Absolutly Breathtaking!!! :thumb:


----------



## Perfection Detailing (Nov 3, 2007)

Great work Jay and an enjoyable read bet the owner was pretty shocked when they picked the car up, must have been pretty satisfying work as well once you had finished....


----------



## Deano (Jul 7, 2006)

stunning work. especially enjoyed the write up of the interior.


----------



## trenchfoot (Jan 11, 2007)

Well written and presented, thanks for sharing it :thumb:. 
Would love to have seen the owners reaction when they were reunited with the car! :argie:


----------



## ads2k (Jul 12, 2006)

Fantastic turnround, bet the owner was over the moon having resurrected one of the family :thumb:

Nice correction on the whole car and I especially liked the plastic screen 50/50, just shows what can be done with the correct products and right knowledge.


----------



## rockape (Feb 18, 2007)

fantastic work jay :thumb: now that is a detail. a very enjoyable read


----------



## stargazer (Aug 9, 2006)

What a stunning car and finish. Brought back to life. I've always loved these old Mercs. 
I must admit door shuts are very awkward, especially when you've got so much grime build up like the one pictured. Satisfying to see when done.

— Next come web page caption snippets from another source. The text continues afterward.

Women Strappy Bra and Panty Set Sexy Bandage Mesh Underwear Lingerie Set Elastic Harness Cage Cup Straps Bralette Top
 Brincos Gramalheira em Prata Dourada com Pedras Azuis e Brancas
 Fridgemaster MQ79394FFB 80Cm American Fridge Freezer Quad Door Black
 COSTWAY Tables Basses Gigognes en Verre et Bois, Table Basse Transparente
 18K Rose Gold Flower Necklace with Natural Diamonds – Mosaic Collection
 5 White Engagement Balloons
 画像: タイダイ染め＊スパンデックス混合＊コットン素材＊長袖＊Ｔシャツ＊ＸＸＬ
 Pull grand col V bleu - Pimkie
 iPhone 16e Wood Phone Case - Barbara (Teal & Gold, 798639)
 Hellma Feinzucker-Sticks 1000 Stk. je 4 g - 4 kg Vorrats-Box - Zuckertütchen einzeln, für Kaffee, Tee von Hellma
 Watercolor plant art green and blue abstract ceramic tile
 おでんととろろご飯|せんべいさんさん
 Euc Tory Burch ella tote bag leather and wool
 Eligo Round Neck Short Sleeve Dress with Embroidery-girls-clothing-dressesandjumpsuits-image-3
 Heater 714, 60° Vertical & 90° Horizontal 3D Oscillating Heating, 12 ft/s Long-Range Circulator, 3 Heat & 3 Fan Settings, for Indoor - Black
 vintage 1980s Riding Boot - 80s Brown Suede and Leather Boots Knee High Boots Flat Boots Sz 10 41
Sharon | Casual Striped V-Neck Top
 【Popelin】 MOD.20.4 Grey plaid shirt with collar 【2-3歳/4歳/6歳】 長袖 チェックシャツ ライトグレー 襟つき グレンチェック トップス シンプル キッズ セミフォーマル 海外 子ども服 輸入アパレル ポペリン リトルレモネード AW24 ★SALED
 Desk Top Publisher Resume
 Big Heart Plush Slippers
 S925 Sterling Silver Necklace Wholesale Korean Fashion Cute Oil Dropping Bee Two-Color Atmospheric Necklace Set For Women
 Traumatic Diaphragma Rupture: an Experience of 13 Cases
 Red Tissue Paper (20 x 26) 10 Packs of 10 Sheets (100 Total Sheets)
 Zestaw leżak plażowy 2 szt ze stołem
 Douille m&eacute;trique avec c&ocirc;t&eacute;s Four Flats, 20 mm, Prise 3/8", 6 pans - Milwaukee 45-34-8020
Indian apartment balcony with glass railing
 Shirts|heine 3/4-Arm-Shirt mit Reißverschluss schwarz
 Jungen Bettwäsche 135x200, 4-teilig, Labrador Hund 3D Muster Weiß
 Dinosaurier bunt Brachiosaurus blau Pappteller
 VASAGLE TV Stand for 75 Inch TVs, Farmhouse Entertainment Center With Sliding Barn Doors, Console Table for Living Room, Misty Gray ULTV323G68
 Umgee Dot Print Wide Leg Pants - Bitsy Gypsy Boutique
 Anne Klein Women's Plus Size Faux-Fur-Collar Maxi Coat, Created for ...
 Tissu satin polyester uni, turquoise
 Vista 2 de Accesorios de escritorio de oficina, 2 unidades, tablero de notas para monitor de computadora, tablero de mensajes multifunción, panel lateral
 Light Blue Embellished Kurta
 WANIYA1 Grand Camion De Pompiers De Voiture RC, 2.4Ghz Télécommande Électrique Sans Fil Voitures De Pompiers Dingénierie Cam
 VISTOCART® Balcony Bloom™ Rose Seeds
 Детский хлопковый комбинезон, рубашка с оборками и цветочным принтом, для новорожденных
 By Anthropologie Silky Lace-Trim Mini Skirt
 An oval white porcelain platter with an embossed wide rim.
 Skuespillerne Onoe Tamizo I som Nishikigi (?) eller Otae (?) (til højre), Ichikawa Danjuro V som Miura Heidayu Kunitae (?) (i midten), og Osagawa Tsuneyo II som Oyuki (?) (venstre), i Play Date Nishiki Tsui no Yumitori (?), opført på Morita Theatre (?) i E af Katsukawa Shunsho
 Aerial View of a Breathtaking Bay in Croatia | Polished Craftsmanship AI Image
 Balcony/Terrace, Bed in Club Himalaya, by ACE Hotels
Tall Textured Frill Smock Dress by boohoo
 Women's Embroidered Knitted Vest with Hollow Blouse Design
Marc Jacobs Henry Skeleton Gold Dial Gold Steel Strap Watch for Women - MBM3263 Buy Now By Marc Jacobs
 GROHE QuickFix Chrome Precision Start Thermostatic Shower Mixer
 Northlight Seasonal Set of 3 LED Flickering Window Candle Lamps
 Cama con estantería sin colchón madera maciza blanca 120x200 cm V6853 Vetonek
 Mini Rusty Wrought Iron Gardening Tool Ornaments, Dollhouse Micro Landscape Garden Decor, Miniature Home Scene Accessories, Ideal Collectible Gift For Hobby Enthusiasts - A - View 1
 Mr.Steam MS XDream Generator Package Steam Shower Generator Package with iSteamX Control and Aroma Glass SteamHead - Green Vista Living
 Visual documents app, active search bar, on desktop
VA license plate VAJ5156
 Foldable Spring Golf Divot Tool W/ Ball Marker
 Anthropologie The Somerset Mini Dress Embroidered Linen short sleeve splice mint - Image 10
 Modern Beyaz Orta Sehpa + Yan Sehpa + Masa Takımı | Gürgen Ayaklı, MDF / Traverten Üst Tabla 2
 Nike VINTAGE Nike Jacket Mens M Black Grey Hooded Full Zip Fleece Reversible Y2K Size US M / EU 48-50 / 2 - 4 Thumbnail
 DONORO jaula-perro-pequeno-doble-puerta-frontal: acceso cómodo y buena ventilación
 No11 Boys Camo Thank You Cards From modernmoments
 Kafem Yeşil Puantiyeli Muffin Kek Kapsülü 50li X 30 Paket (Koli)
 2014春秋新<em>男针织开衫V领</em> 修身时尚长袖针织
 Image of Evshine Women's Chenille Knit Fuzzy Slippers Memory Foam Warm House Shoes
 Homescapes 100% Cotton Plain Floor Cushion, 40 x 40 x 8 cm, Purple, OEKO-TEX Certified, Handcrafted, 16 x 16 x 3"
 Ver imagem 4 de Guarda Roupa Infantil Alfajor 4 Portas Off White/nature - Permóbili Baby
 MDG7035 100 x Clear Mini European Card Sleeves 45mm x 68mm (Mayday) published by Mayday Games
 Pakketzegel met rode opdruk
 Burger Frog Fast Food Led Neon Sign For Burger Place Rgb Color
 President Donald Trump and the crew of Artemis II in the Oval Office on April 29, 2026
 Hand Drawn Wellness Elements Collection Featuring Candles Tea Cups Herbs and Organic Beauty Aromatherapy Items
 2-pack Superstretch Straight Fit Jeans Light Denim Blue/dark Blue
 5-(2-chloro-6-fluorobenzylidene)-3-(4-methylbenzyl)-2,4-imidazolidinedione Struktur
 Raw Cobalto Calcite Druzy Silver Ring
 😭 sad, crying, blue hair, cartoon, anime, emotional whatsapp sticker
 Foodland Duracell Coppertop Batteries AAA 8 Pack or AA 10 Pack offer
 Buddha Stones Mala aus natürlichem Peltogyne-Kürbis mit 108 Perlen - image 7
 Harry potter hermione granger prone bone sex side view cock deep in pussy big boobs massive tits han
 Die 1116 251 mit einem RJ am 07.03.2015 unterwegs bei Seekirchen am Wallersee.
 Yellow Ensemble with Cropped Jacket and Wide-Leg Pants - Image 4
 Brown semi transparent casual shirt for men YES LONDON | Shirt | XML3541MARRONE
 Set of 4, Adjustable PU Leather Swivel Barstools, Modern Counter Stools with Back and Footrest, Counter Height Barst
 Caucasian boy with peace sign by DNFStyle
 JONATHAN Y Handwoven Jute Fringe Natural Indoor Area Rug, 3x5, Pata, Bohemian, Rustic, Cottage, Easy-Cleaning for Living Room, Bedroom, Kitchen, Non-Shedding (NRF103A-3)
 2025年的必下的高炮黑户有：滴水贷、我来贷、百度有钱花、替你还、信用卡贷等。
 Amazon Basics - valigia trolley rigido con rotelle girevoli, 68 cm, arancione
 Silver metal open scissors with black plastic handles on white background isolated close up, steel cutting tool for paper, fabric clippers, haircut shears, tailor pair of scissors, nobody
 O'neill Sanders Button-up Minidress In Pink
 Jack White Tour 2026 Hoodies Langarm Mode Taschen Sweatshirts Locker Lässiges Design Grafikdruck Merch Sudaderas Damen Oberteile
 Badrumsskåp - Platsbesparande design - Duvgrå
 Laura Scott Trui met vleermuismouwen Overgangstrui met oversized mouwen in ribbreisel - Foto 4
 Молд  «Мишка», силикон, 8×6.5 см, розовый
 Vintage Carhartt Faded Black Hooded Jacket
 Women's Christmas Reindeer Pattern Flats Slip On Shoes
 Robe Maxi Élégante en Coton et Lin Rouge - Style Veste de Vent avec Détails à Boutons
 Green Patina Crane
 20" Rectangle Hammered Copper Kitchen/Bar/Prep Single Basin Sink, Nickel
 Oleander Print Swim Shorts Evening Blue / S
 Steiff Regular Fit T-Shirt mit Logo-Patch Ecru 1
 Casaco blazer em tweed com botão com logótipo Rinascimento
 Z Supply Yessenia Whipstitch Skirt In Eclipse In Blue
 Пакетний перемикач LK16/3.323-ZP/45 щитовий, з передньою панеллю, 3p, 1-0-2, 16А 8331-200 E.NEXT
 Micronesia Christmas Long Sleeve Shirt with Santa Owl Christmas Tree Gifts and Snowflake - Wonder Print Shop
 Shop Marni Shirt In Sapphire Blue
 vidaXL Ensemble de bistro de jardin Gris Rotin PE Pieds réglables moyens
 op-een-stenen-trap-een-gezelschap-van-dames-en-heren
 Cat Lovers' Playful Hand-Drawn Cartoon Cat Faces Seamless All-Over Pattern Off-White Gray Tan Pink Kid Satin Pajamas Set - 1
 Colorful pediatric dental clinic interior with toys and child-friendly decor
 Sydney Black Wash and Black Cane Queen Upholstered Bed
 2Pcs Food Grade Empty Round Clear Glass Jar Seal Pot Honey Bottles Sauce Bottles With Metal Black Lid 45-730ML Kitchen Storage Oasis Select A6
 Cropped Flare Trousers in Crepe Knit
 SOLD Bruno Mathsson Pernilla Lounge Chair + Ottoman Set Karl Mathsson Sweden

Hat's off fella. Job well done.


----------



## paddy328 (Mar 4, 2007)

What the others said mate. You really put the work in and the results speak for themselves. I would love to have seen the owners face when he first saw it.


----------



## StevieM3 (Sep 11, 2008)

One word...Stunning!


----------



## s-line (May 14, 2006)

amazing work!


----------



## Phil1984 (Oct 15, 2008)

Thats gotta be one of the most interesting reads i have seen in a long time!

Fantastic car, great reults and awesome right up!

Well done! :thumb:


----------



## Exclusive Car Care (Jan 14, 2007)

thanks for all the comments guys...owner has yet to collect it but will be coming for it this evening at some point...Im sure he will be shocked:thumb:


----------



## mdk1 (Jun 19, 2006)

Gleamingkleen said:


> thanks for all the comments guys...owner has yet to collect it but will be coming for it this evening at some point...Im sure he will be shocked:thumb:


Need a photo of his face when he see's it.

Magic turnaround.


----------



## glyn waxmaster (Dec 20, 2006)

Jay, what a fantastic job and a spot on write up. A total transformation to a classic and some of the best work i have seen on here for ages.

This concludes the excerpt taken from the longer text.